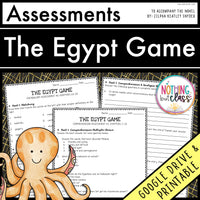The Egypt Game - Tests | Quizzes | Assessments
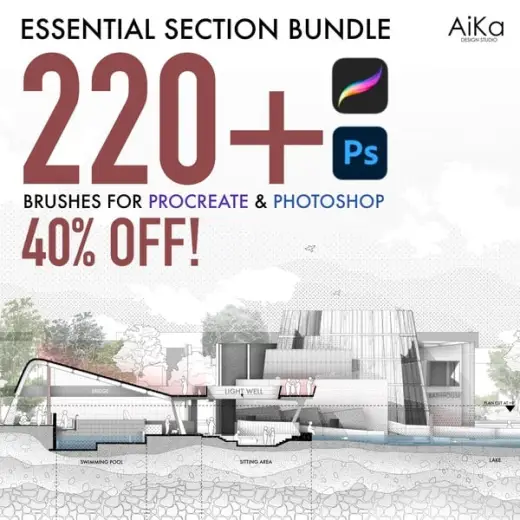 Procreate & Photoshop Section Bundle Brush Pack - AiKa — Procreate & Photoshop brush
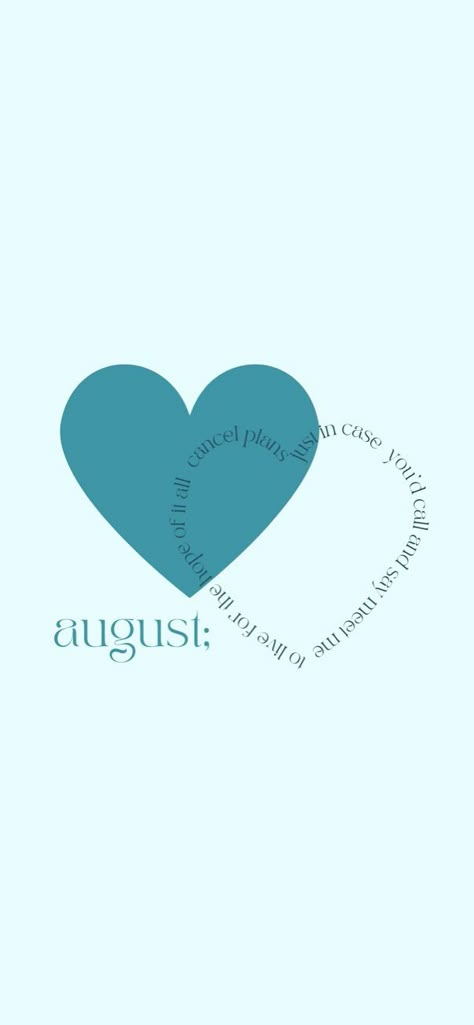 August Folklore, August Taylor Swift, Summer Aesthetic Wallpaper, August Wallpaper, Coquette Heart, Taylor Wallpaper, Taylor Swift Song Lyrics, August Taylor, Taylor Swift Wallpapers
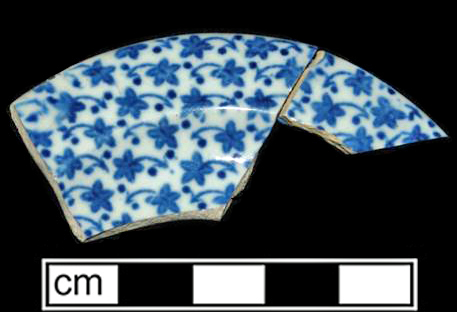 Image of printed earthenware fragment.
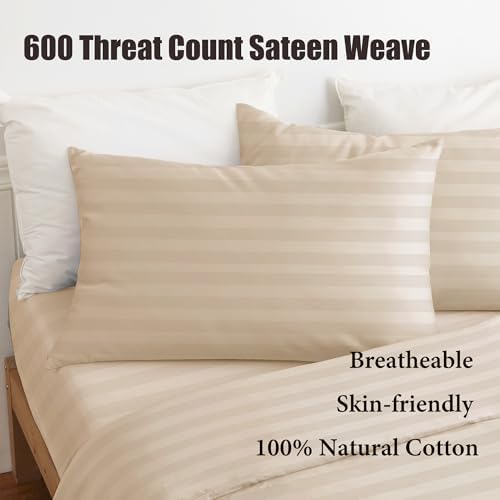 100% Cotton Zippered Pillow Protectors King Size - Image 4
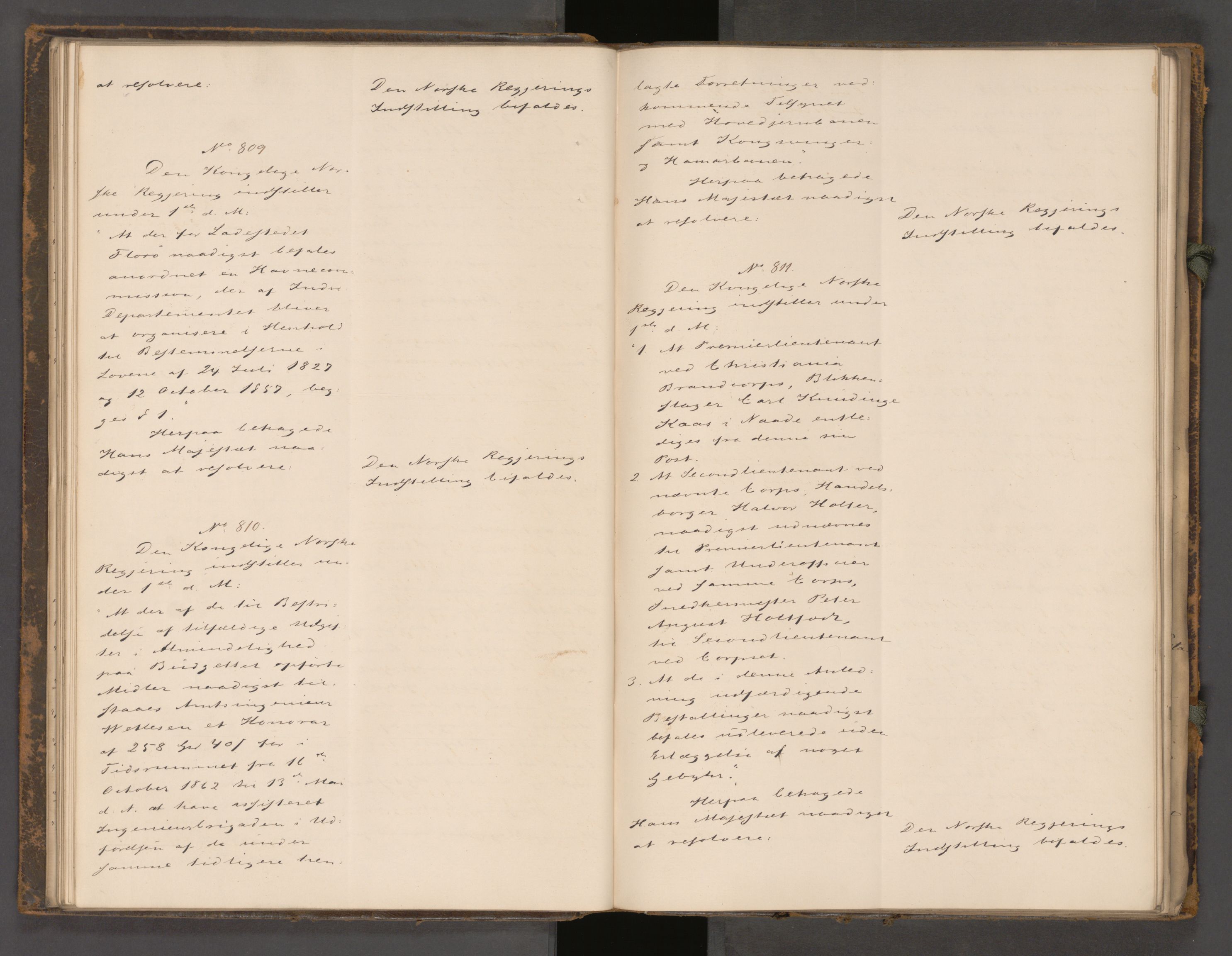 Statsrådssekretariatet, AV/RA-S-1001/A/Ab/L0104: Kgl. res. nr. 724-1001b, 2. halvår, 1865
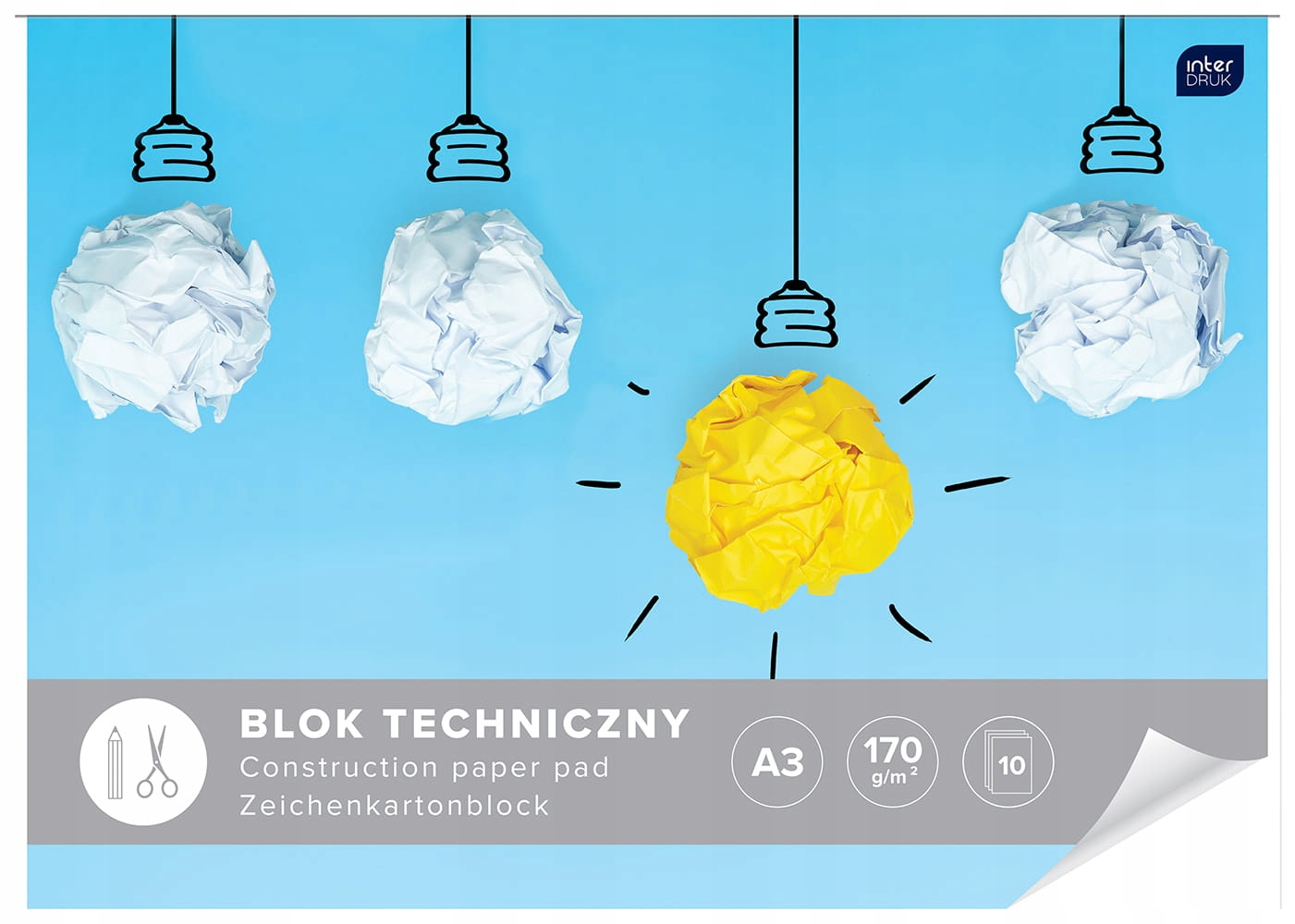 Blok techniczny A3 biały 10 kartek | espryciarze.pl |Zamów dziś!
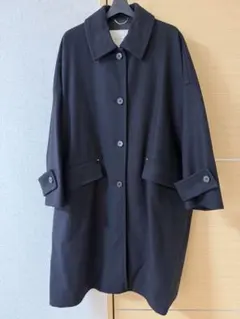 美品✨マッキントッシュロンドン　ウールカシミヤリバーコート　ネイビー　ブルー 美品✨マッキントッシュロンドン ウールカシミヤリバーコート ネイビー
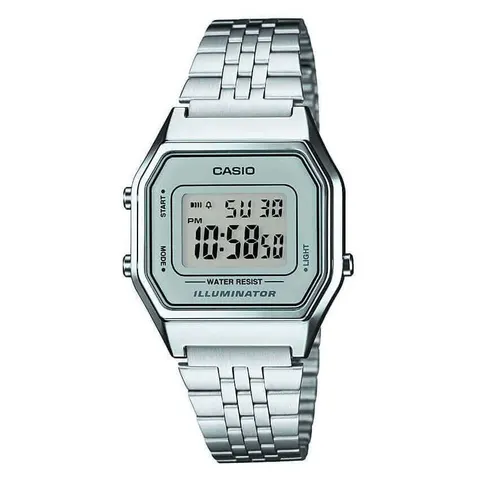 Casio Classic LA680WEA-7EF Ladies Silver Digital Watch – image 3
· · · ·
Task to carry out
Only the lines from the start of the material through the line containing "Blok techniczny A3" should be transcribed. Pictures stay out.

Solution to this exercise
The Egypt Game - Tests | Quizzes | Assessments
 Procreate & Photoshop Section Bundle Brush Pack - AiKa — Procreate & Photoshop brush
 August Folklore, August Taylor Swift, Summer Aesthetic Wallpaper, August Wallpaper, Coquette Heart, Taylor Wallpaper, Taylor Swift Song Lyrics, August Taylor, Taylor Swift Wallpapers
 Image of printed earthenware fragment.
 100% Cotton Zippered Pillow Protectors King Size - Image 4
 Statsrådssekretariatet, AV/RA-S-1001/A/Ab/L0104: Kgl. res. nr. 724-1001b, 2. halvår, 1865
 Blok techniczny A3 biały 10 kartek | espryciarze.pl |Zamów dziś!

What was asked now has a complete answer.